**** Information

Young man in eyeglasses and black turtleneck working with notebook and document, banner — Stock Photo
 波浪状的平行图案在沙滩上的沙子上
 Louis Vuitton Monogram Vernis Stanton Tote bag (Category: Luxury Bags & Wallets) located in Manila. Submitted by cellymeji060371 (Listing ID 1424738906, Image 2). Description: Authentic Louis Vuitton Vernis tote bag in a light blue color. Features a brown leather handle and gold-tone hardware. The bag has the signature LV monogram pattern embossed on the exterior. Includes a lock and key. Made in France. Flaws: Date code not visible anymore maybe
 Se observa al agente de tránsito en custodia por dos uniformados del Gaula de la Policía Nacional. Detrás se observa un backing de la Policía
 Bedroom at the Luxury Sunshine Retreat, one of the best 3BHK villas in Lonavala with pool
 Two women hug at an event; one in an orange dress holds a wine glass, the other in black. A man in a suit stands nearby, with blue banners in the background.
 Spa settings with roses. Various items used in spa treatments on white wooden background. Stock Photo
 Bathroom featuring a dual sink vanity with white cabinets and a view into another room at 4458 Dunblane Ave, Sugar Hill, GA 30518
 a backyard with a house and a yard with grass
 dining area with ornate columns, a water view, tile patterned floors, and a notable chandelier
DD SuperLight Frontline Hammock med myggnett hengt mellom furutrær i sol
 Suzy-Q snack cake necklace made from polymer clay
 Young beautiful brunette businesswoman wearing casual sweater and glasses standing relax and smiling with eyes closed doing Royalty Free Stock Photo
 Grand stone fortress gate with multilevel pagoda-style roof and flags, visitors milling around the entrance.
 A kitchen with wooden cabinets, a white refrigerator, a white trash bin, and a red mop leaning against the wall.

********

In the records above, find the lines holding "wooden". Copy each one.

■ **Result below**:
 Spa settings with roses. Various items used in spa treatments on white wooden background. Stock Photo
 A kitchen with wooden cabinets, a white refrigerator, a white trash bin, and a red mop leaning against the wall.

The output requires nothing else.